Selon des informations recueillies auprès de sources hospitalières, le frigo mortuaire de l’établissement serait aujourd’hui proche de sa capacité maximale. Cette situation inquiète autant le personnel médical que les familles endeuillées, qui redoutent une aggravation rapide de la crise si aucune mesure urgente n’est prise.
« Nous atteignons un seuil critique. Si les autorités ne réagissent pas rapidement, nous risquons de ne plus pouvoir accueillir de nouveaux corps dans des conditions acceptables », confie un agent de l’hôpital sous anonymat.
Une compétence relevant des autorités urbaines
En République démocratique du Congo, la prise en charge des corps abandonnés, non identifiés ou non réclamés relève généralement des autorités municipales, sous la supervision du parquet compétent. Cette responsabilité vise à garantir le respect de la dignité humaine, mais également à prévenir tout risque sanitaire lié à une conservation prolongée des dépouilles.
À Kolwezi, plusieurs observateurs estiment que le manque de réaction des autorités locales face à cette urgence contribue à accentuer la pression sur les structures sanitaires déjà fragilisées.
Une menace sanitaire et humanitaire grandissante
La saturation de la morgue de Mwangeji soulève de sérieuses inquiétudes sur les plans sanitaire, social et administratif.
Sur le plan médical, une accumulation excessive des corps pourrait provoquer des dysfonctionnements des équipements de conservation et compromettre les normes d’hygiène hospitalière. Le personnel craint également une détérioration rapide des conditions de stockage si la situation perdure.
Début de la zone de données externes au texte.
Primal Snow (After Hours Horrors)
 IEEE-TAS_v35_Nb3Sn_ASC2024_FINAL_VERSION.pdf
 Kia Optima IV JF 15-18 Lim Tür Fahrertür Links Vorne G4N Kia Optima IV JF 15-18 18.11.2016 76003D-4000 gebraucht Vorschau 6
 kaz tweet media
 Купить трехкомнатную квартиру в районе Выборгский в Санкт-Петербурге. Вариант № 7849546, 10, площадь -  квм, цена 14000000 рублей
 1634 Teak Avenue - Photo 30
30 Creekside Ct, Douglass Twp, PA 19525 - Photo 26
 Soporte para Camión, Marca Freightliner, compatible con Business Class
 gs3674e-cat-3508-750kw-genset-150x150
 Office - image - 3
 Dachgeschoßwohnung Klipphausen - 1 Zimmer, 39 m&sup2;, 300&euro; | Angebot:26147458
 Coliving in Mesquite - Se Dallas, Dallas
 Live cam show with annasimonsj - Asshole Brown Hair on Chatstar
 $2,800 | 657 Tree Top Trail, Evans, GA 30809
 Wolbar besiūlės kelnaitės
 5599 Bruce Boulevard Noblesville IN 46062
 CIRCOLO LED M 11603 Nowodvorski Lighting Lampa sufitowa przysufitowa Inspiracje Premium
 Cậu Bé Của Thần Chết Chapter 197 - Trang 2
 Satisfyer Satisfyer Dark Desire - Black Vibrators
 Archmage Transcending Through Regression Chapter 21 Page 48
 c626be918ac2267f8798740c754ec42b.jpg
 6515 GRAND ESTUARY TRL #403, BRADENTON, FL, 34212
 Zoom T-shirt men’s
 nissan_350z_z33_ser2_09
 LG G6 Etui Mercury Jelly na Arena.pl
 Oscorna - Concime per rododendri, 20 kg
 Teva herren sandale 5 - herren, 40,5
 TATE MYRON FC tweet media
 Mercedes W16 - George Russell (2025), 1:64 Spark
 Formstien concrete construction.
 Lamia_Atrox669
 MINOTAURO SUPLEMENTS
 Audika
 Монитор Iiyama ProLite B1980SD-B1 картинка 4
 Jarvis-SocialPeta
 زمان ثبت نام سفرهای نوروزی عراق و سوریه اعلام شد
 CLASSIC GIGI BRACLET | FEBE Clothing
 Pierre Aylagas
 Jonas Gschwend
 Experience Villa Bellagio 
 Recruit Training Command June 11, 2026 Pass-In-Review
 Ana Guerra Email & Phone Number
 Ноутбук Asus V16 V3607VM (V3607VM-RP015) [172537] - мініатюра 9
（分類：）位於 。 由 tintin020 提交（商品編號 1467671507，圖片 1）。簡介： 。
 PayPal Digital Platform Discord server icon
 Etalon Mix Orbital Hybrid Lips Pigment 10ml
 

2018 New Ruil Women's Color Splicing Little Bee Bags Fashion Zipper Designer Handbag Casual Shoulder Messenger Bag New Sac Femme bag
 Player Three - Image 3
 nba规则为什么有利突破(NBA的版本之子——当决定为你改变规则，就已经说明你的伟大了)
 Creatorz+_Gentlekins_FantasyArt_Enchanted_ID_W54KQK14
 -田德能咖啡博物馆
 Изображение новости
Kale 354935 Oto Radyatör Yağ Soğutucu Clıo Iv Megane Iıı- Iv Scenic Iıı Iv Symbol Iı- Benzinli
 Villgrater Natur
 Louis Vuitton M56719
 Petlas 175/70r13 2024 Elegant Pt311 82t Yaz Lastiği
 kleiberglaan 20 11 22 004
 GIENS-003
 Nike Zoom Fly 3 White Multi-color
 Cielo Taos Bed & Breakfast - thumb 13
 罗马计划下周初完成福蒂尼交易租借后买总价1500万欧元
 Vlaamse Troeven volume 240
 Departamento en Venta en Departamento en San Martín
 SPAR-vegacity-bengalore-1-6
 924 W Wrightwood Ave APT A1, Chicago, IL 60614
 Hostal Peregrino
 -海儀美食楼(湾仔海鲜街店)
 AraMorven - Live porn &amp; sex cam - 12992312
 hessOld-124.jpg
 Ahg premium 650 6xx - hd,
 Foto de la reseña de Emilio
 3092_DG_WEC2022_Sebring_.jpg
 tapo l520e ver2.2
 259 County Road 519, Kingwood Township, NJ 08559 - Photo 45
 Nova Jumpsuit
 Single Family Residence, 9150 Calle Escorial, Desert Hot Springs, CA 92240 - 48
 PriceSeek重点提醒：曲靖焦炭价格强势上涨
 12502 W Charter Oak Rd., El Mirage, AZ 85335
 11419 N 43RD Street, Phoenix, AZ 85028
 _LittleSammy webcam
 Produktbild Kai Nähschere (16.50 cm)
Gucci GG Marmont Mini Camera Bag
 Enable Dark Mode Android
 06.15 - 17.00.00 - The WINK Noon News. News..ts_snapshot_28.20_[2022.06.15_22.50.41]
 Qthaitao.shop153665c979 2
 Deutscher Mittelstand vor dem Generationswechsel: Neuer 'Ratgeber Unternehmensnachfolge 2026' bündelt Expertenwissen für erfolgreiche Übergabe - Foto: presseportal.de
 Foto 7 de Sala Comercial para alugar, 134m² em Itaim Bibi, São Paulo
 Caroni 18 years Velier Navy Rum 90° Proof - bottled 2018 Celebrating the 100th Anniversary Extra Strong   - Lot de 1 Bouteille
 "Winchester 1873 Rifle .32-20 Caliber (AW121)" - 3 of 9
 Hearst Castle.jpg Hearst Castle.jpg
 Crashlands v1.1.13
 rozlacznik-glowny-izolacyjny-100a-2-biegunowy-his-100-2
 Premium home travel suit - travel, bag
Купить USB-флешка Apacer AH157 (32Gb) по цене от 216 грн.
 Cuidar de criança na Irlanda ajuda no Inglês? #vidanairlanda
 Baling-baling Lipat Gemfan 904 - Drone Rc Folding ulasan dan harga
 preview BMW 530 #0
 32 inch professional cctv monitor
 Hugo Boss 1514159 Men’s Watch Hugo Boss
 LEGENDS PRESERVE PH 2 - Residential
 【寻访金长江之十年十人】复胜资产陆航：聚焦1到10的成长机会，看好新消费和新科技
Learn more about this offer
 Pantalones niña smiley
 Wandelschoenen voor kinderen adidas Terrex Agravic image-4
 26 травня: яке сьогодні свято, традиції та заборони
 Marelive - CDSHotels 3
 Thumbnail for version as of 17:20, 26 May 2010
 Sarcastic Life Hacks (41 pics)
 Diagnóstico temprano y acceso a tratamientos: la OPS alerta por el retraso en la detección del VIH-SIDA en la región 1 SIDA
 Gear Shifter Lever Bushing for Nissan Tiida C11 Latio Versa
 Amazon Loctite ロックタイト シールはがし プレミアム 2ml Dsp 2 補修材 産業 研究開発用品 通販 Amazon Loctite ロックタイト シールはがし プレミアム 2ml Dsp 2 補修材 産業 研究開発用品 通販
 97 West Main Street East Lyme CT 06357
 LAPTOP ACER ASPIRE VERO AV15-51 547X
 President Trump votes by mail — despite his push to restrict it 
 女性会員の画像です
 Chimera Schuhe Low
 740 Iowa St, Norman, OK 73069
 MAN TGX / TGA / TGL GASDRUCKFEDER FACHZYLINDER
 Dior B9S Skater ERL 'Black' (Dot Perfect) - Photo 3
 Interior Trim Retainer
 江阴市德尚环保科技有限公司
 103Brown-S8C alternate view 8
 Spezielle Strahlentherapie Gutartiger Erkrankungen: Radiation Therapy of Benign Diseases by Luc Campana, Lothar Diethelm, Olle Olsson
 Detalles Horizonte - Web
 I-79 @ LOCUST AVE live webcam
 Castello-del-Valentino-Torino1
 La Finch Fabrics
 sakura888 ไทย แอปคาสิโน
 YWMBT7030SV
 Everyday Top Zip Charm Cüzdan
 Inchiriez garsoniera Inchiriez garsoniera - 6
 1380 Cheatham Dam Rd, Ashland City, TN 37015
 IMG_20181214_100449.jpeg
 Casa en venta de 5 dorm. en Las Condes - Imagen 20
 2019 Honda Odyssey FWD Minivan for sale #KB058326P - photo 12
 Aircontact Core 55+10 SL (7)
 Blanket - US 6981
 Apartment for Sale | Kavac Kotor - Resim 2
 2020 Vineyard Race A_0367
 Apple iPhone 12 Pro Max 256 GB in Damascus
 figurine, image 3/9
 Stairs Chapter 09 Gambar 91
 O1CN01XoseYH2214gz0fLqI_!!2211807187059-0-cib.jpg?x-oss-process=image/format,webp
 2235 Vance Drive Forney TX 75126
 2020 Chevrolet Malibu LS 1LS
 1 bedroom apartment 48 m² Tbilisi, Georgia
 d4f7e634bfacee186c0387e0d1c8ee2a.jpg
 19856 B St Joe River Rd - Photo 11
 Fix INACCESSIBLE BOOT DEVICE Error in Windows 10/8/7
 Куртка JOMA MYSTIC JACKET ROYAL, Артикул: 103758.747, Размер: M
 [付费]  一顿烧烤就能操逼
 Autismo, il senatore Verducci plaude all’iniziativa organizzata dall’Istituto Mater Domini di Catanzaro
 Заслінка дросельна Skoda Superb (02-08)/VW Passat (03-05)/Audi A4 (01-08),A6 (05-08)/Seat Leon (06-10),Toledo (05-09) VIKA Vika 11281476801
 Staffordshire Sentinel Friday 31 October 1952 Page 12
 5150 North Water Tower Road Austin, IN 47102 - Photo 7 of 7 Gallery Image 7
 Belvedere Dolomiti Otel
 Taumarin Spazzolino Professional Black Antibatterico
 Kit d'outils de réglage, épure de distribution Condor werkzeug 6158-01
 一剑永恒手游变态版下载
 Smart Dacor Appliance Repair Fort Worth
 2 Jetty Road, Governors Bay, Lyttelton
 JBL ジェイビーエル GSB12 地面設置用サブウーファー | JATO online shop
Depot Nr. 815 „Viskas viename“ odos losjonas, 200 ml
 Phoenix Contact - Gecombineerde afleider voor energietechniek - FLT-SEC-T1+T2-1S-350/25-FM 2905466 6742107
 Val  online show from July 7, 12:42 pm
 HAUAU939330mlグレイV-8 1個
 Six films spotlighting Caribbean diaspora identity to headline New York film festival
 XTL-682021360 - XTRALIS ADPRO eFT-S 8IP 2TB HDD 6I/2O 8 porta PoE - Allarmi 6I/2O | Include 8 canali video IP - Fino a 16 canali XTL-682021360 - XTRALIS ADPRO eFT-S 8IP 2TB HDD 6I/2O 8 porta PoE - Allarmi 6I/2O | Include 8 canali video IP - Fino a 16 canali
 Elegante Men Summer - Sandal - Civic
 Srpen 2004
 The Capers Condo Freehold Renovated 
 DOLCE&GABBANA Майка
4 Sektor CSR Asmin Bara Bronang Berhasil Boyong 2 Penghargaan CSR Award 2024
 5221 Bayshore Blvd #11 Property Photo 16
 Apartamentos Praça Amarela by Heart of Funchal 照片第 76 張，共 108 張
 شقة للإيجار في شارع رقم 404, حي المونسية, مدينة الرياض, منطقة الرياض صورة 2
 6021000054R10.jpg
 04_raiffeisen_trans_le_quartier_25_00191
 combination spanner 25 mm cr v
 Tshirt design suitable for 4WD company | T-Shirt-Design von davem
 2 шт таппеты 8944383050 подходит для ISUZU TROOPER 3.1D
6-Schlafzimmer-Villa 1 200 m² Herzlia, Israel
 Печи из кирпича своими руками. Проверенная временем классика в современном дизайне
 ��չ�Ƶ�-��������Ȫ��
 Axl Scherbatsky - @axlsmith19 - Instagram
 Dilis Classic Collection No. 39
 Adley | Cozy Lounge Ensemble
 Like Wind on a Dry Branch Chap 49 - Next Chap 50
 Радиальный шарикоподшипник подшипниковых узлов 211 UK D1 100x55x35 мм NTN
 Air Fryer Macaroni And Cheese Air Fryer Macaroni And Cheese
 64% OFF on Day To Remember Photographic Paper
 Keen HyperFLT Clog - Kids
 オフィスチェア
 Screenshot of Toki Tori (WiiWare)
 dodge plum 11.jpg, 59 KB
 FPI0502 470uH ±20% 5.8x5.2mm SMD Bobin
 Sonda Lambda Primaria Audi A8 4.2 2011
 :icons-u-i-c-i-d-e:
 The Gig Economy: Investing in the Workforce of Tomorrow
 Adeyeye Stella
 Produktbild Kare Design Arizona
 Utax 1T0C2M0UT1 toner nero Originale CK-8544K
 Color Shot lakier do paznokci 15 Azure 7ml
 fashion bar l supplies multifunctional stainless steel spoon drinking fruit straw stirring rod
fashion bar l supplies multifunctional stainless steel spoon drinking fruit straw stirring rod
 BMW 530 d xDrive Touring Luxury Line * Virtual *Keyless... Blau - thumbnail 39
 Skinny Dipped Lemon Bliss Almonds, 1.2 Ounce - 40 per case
Pour les familles concernées, l’épreuve devient de plus en plus difficile. Certaines dénoncent des frais supplémentaires liés à la prolongation de la conservation des corps, tandis que d’autres s’interrogent sur le respect de la dignité accordée à leurs proches décédés.
Par ailleurs, cette crise pourrait perturber le fonctionnement normal de l’hôpital, notamment en limitant la capacité de prise en charge de nouveaux décès provenant des services médicaux ou des interventions des forces de sécurité.
Des appels pressants à une intervention provinciale
Face à l’ampleur de la situation, plusieurs voix appellent désormais à l’implication directe des autorités provinciales du Lualaba afin de trouver une solution rapide et durable.
Des acteurs de la société civile plaident pour la mise en place d’un mécanisme permanent de gestion des corps abandonnés ou non réclamés, dans une ville en pleine expansion démographique comme Kolwezi.
Au-delà de l’urgence actuelle, cette affaire met en lumière les défis croissants auxquels sont confrontées les infrastructures sanitaires et municipales de la province, notamment en matière de gestion mortuaire et de salubrité publique.
En attendant une réaction officielle des autorités concernées, les familles touchées continuent de lancer un appel urgent afin que les dépouilles soient traitées avec dignité et que des mesures concrètes soient prises dans les plus brefs délais.